Robertsite is a rare phosphate mineral often found as pinkish, botryoidal or fibrous crusts within phosphate-rich pegmatites. Collectors primarily search for it in weathered phosphate zones where it forms as an alteration product of primary minerals like triphylite.
Is this robertsite?
5-step field checkRun through these checks against the specimen in your hand. The more boxes tick, the more confident the ID.
- 1Test the hardnessTry to scratch robertsite with a known reference. Robertsite sits at Mohs 3.5 — softer than the next harder reference, harder than the previous one.
- 2Check the streakDrag the specimen across an unglazed porcelain plate. Robertsite leaves a white streak.
- 3Read the lusterHold the specimen under a strong light.
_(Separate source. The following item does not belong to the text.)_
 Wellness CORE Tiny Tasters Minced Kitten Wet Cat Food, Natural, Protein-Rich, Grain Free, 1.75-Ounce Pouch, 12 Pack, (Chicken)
Robertsite typically shows a dull luster.
- 4Match the color rangeCompare against the expected color range: pink, pale pink, white.
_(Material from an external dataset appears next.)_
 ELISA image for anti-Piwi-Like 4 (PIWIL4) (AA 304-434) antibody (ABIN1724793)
- 5Look at form & habitCrystal system: monoclinic. Typical habit: massive, crusts, or radiating fibrous aggregates.
Often confused with
Robertsite vs. its common look-alikes — and how to tell them apart in the field.
Often found alongside robertsite
Minerals reported to co-occur with robertsite. Spotting these in float or country rock is a strong cue you are in the right ground.
All properties
- Chemical formula
- Ca₃Mn₅(PO₄)₄(OH)₆·3H₂O
- Mohs hardness
- 3.5
- Density
- 3.2 g/cm³
- Streak
- White
- Luster
- Dull
- Transparency
- Opaque
- Crystal system
- Monoclinic
- Crystal habit
- Massive, Crusts, Or Radiating Fibrous Aggregates
- Cleavage
- Perfect On {010}
- Rarity
- Rare
- Uses
- Collector
- Host rock
- Phosphate-rich Granite Pegmatites
- Typical price
- $20-150 thumbnail specimens
Where rockhounds find robertsite
Classic worldwide localities
- Tip Top mine (South Dakota, USA)
- Mangualde (Portugal)
- Hagendorf (Germany)
Field-hunting tip
Look in phosphate-rich granite pegmatites country — that is the host setting where robertsite typically forms. If you start seeing triphylite, ludlamite, hureaulite in float, you are in the right ground. Field specimens usually show a massive, crusts, or radiating fibrous aggregates habit, so train your eye for that shape before scanning the outcrop.